Required work> Nothing should be left out: repeat all the data exactly.

====== Provided data

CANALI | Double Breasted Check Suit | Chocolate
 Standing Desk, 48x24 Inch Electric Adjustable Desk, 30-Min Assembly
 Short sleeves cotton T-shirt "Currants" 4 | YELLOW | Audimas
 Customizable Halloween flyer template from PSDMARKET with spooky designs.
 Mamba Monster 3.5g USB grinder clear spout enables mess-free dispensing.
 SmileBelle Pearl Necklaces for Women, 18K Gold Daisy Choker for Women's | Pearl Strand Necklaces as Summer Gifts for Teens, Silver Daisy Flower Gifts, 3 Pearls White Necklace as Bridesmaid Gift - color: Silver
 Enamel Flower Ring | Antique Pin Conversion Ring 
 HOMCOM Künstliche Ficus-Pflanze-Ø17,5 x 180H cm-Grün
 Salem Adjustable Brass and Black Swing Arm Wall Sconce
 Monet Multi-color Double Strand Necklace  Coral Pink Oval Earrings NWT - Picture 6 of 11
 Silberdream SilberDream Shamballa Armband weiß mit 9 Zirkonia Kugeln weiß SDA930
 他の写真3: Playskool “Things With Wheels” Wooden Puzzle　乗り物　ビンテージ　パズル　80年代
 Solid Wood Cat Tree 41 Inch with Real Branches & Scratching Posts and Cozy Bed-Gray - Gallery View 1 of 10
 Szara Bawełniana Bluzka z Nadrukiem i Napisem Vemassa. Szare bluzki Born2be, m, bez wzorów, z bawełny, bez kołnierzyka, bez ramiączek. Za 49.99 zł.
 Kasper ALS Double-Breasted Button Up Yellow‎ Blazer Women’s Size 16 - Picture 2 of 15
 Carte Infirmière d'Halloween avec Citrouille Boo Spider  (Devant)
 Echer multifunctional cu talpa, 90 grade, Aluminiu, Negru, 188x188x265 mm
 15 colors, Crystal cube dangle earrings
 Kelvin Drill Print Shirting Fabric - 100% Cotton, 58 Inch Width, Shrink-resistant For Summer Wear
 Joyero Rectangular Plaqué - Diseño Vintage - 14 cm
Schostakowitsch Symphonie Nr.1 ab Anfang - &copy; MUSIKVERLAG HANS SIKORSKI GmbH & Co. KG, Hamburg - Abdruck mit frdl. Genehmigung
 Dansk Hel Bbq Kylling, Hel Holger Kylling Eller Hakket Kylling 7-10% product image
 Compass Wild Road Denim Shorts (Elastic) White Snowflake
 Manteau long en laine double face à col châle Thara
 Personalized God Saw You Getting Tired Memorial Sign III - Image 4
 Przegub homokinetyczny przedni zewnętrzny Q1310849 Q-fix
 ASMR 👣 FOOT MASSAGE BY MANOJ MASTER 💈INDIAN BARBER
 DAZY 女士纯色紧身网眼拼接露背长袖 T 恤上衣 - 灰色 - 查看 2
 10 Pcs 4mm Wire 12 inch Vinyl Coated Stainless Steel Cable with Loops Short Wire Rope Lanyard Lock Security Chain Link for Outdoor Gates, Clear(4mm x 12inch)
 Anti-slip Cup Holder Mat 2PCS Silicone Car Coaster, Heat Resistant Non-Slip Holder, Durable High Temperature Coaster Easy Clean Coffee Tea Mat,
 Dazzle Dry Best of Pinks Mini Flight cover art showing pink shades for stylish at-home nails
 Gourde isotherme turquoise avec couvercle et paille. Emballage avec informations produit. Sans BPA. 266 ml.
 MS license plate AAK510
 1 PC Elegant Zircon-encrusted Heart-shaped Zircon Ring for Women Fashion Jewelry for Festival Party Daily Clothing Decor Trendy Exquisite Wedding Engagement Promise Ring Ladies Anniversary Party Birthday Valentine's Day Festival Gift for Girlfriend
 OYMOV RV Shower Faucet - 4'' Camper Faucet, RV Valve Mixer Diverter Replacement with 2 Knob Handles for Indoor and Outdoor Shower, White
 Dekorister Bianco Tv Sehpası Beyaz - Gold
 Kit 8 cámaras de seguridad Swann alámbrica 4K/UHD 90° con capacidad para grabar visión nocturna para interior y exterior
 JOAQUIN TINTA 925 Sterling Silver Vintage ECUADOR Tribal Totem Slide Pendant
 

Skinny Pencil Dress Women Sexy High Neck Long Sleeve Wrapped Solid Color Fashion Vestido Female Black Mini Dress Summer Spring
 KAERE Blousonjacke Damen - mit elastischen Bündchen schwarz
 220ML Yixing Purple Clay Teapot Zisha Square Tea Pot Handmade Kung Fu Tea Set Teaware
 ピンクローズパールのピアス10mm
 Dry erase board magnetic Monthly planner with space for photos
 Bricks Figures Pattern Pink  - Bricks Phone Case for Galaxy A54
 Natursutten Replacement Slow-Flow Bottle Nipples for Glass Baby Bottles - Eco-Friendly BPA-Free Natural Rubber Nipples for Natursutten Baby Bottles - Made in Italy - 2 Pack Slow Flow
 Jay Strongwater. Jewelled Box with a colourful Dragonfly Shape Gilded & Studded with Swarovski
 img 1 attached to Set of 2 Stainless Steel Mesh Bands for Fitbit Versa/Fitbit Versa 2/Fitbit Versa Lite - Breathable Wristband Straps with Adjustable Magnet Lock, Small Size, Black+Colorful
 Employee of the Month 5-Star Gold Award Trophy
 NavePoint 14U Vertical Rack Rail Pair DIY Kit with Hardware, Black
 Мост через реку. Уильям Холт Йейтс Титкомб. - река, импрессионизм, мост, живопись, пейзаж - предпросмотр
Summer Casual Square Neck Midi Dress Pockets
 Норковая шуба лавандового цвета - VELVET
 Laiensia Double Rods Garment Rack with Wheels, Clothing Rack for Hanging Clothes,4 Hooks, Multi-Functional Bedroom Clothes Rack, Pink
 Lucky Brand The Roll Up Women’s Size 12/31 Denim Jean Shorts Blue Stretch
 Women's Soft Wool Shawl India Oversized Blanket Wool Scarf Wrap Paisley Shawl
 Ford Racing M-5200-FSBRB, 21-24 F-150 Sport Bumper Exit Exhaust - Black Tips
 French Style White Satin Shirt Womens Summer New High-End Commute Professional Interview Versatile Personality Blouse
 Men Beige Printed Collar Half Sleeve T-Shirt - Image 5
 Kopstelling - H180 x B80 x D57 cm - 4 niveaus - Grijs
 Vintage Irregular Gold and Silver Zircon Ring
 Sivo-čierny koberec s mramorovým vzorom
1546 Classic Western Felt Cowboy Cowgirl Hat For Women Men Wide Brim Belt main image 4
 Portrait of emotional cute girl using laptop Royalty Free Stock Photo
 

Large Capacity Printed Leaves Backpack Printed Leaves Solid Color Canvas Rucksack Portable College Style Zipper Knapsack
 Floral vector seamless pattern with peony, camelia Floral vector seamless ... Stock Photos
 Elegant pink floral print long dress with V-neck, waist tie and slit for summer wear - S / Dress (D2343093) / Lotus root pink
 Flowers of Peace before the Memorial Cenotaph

============

Answer section>
CANALI | Double Breasted Check Suit | Chocolate
 Standing Desk, 48x24 Inch Electric Adjustable Desk, 30-Min Assembly
 Short sleeves cotton T-shirt "Currants" 4 | YELLOW | Audimas
 Customizable Halloween flyer template from PSDMARKET with spooky designs.
 Mamba Monster 3.5g USB grinder clear spout enables mess-free dispensing.
 SmileBelle Pearl Necklaces for Women, 18K Gold Daisy Choker for Women's | Pearl Strand Necklaces as Summer Gifts for Teens, Silver Daisy Flower Gifts, 3 Pearls White Necklace as Bridesmaid Gift - color: Silver
 Enamel Flower Ring | Antique Pin Conversion Ring 
 HOMCOM Künstliche Ficus-Pflanze-Ø17,5 x 180H cm-Grün
 Salem Adjustable Brass and Black Swing Arm Wall Sconce
 Monet Multi-color Double Strand Necklace  Coral Pink Oval Earrings NWT - Picture 6 of 11
 Silberdream SilberDream Shamballa Armband weiß mit 9 Zirkonia Kugeln weiß SDA930
 他の写真3: Playskool “Things With Wheels” Wooden Puzzle　乗り物　ビンテージ　パズル　80年代
 Solid Wood Cat Tree 41 Inch with Real Branches & Scratching Posts and Cozy Bed-Gray - Gallery View 1 of 10
 Szara Bawełniana Bluzka z Nadrukiem i Napisem Vemassa. Szare bluzki Born2be, m, bez wzorów, z bawełny, bez kołnierzyka, bez ramiączek. Za 49.99 zł.
 Kasper ALS Double-Breasted Button Up Yellow‎ Blazer Women’s Size 16 - Picture 2 of 15
 Carte Infirmière d'Halloween avec Citrouille Boo Spider  (Devant)
 Echer multifunctional cu talpa, 90 grade, Aluminiu, Negru, 188x188x265 mm
 15 colors, Crystal cube dangle earrings
 Kelvin Drill Print Shirting Fabric - 100% Cotton, 58 Inch Width, Shrink-resistant For Summer Wear
 Joyero Rectangular Plaqué - Diseño Vintage - 14 cm
Schostakowitsch Symphonie Nr.1 ab Anfang - &copy; MUSIKVERLAG HANS SIKORSKI GmbH & Co. KG, Hamburg - Abdruck mit frdl. Genehmigung
 Dansk Hel Bbq Kylling, Hel Holger Kylling Eller Hakket Kylling 7-10% product image
 Compass Wild Road Denim Shorts (Elastic) White Snowflake
 Manteau long en laine double face à col châle Thara
 Personalized God Saw You Getting Tired Memorial Sign III - Image 4
 Przegub homokinetyczny przedni zewnętrzny Q1310849 Q-fix
 ASMR 👣 FOOT MASSAGE BY MANOJ MASTER 💈INDIAN BARBER
 DAZY 女士纯色紧身网眼拼接露背长袖 T 恤上衣 - 灰色 - 查看 2
 10 Pcs 4mm Wire 12 inch Vinyl Coated Stainless Steel Cable with Loops Short Wire Rope Lanyard Lock Security Chain Link for Outdoor Gates, Clear(4mm x 12inch)
 Anti-slip Cup Holder Mat 2PCS Silicone Car Coaster, Heat Resistant Non-Slip Holder, Durable High Temperature Coaster Easy Clean Coffee Tea Mat,
 Dazzle Dry Best of Pinks Mini Flight cover art showing pink shades for stylish at-home nails
 Gourde isotherme turquoise avec couvercle et paille. Emballage avec informations produit. Sans BPA. 266 ml.
 MS license plate AAK510
 1 PC Elegant Zircon-encrusted Heart-shaped Zircon Ring for Women Fashion Jewelry for Festival Party Daily Clothing Decor Trendy Exquisite Wedding Engagement Promise Ring Ladies Anniversary Party Birthday Valentine's Day Festival Gift for Girlfriend
 OYMOV RV Shower Faucet - 4'' Camper Faucet, RV Valve Mixer Diverter Replacement with 2 Knob Handles for Indoor and Outdoor Shower, White
 Dekorister Bianco Tv Sehpası Beyaz - Gold
 Kit 8 cámaras de seguridad Swann alámbrica 4K/UHD 90° con capacidad para grabar visión nocturna para interior y exterior
 JOAQUIN TINTA 925 Sterling Silver Vintage ECUADOR Tribal Totem Slide Pendant
 

Skinny Pencil Dress Women Sexy High Neck Long Sleeve Wrapped Solid Color Fashion Vestido Female Black Mini Dress Summer Spring
 KAERE Blousonjacke Damen - mit elastischen Bündchen schwarz
 220ML Yixing Purple Clay Teapot Zisha Square Tea Pot Handmade Kung Fu Tea Set Teaware
 ピンクローズパールのピアス10mm
 Dry erase board magnetic Monthly planner with space for photos
 Bricks Figures Pattern Pink  - Bricks Phone Case for Galaxy A54
 Natursutten Replacement Slow-Flow Bottle Nipples for Glass Baby Bottles - Eco-Friendly BPA-Free Natural Rubber Nipples for Natursutten Baby Bottles - Made in Italy - 2 Pack Slow Flow
 Jay Strongwater. Jewelled Box with a colourful Dragonfly Shape Gilded & Studded with Swarovski
 img 1 attached to Set of 2 Stainless Steel Mesh Bands for Fitbit Versa/Fitbit Versa 2/Fitbit Versa Lite - Breathable Wristband Straps with Adjustable Magnet Lock, Small Size, Black+Colorful
 Employee of the Month 5-Star Gold Award Trophy
 NavePoint 14U Vertical Rack Rail Pair DIY Kit with Hardware, Black
 Мост через реку. Уильям Холт Йейтс Титкомб. - река, импрессионизм, мост, живопись, пейзаж - предпросмотр
Summer Casual Square Neck Midi Dress Pockets
 Норковая шуба лавандового цвета - VELVET
 Laiensia Double Rods Garment Rack with Wheels, Clothing Rack for Hanging Clothes,4 Hooks, Multi-Functional Bedroom Clothes Rack, Pink
 Lucky Brand The Roll Up Women’s Size 12/31 Denim Jean Shorts Blue Stretch
 Women's Soft Wool Shawl India Oversized Blanket Wool Scarf Wrap Paisley Shawl
 Ford Racing M-5200-FSBRB, 21-24 F-150 Sport Bumper Exit Exhaust - Black Tips
 French Style White Satin Shirt Womens Summer New High-End Commute Professional Interview Versatile Personality Blouse
 Men Beige Printed Collar Half Sleeve T-Shirt - Image 5
 Kopstelling - H180 x B80 x D57 cm - 4 niveaus - Grijs
 Vintage Irregular Gold and Silver Zircon Ring
 Sivo-čierny koberec s mramorovým vzorom
1546 Classic Western Felt Cowboy Cowgirl Hat For Women Men Wide Brim Belt main image 4
 Portrait of emotional cute girl using laptop Royalty Free Stock Photo
 

Large Capacity Printed Leaves Backpack Printed Leaves Solid Color Canvas Rucksack Portable College Style Zipper Knapsack
 Floral vector seamless pattern with peony, camelia Floral vector seamless ... Stock Photos
 Elegant pink floral print long dress with V-neck, waist tie and slit for summer wear - S / Dress (D2343093) / Lotus root pink
 Flowers of Peace before the Memorial Cenotaph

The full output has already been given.